On Tue, Feb 15, 2022, 6:57 PM Philippe Mathieu-Daudé <[email protected]>
wrote:

> On 16/2/22 00:53, John Snow wrote:
> > On Tue, Feb 15, 2022 at 5:55 PM Eric Blake <[email protected]> wrote:
> >>
> >> On Tue, Feb 15, 2022 at 05:08:50PM -0500, John Snow wrote:
> >>>>>> print(enboxify(msg, width=72, name="commit message"))
> >>> ┏━ commit message
> ━━━━━━━━━━━━━━━━━━━━━━━━━━━━━━━━━━━━━━━━━━━━━━━━━━━━━┓
> >>> ┃ enboxify() takes a chunk of text and wraps it in a text art box that
> ┃
> >>> ┃  adheres to a specified width. An optional title label may be given,
> ┃
> >>> ┃  and any of the individual glyphs used to draw the box may be
> ┃
> >>
> >> Why do these two lines have a leading space,
> >>
> >>> ┃ replaced or specified as well.
>  ┃
> >>
> >> but this one doesn't?  It must be an off-by-one corner case when your
> >> choice of space to wrap on is exactly at the wrap column.
> >>
> >
> > Right, you're probably witnessing the right-pad *and* the actual space.
> >
> >>>
> ┗━━━━━━━━━━━━━━━━━━━━━━━━━━━━━━━━━━━━━━━━━━━━━━━━━━━━━━━━━━━━━━━━━━━━━━┛
> >>>
> >>> Signed-off-by: John Snow <[email protected]>
> >>> ---
> >>>   python/qemu/utils/__init__.py | 58
> +++++++++++++++++++++++++++++++++++
> >>>   1 file changed, 58 insertions(+)
>
> >>> +    def _wrap(line: str) -> str:
> >>> +        return os.linesep.join([
> >>> +            wrapped_line.ljust(lwidth) + suffix
> >>> +            for wrapped_line in textwrap.wrap(
> >>> +                    line, width=lwidth, initial_indent=prefix,
> >>> +                    subsequent_indent=prefix,
> replace_whitespace=False,
> >>> +                    drop_whitespace=False, break_on_hyphens=False)
> >>
> >> Always nice when someone else has written the cool library function to
> >> do all the hard work for you ;)  But this is probably where you have
> the off-by-one I called out above.
> >>
> >
> > Yeah, I just didn't want it to eat multiple spaces if they were
> > present -- I wanted it to reproduce them faithfully.
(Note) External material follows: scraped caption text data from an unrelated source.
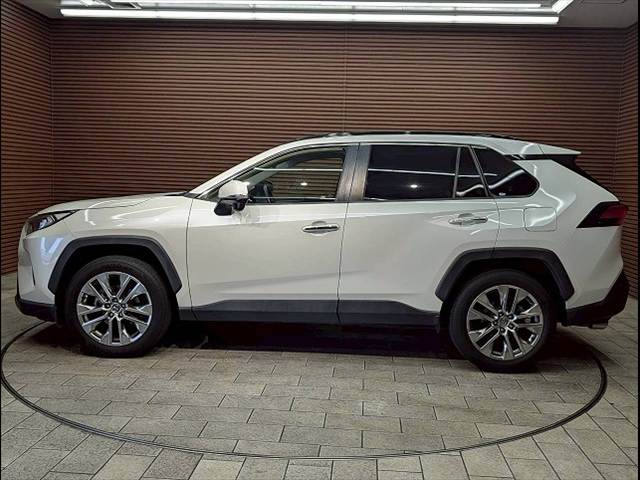 トヨタ RAV4の画像18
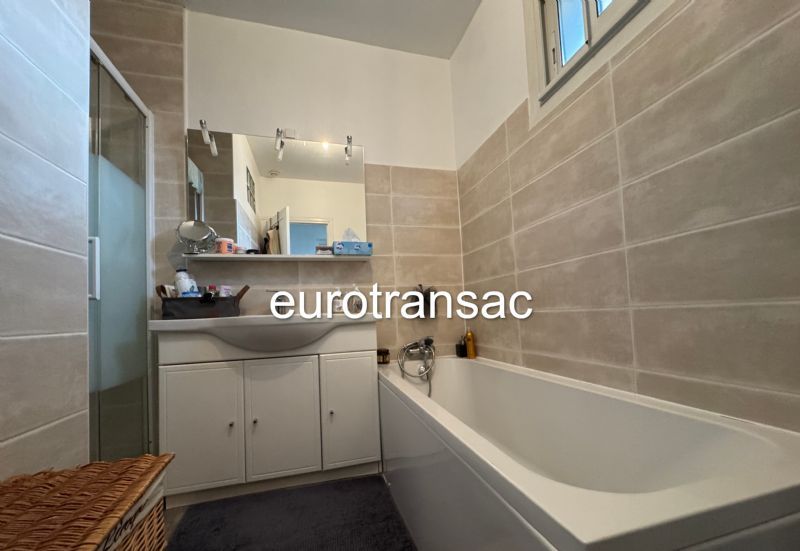 BALARUC LES BAINSBBS2564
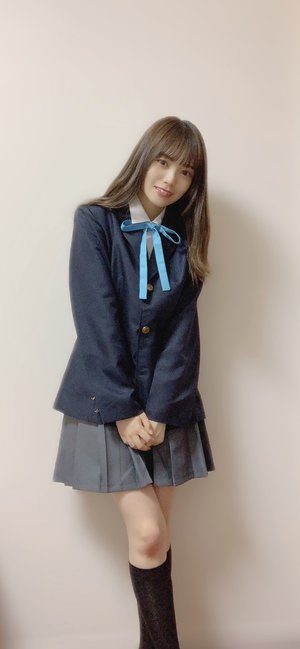 正面と横顔って雰囲気違うよね、というお話 - 画像3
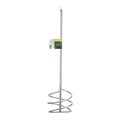 Миксер для строительных смесей, 120х500мм, хвостовик SDS plus Сибртех 40768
The tradeoff is
> > some silliness near the margins.
> >
> > Realistically, if I want something any better than what I've done
> > here, I should find a library to do it for me instead -- but for the
> > sake of highlighting some important information, this may be
> > just-enough-juice.
>
> 's/^┃  /┃ /' on top ;D
>

I have to admit that this function is actually very fragile. Last night, I
did some reading on unicode and emoji encodings and discovered that it's
*basically impossible* to predict the "visual width" of a sequence of
unicode codepoints.

So, this function as written will only really work if we stick to
single-codepoint glyphs that can be rendered 1:1 in a monospace font.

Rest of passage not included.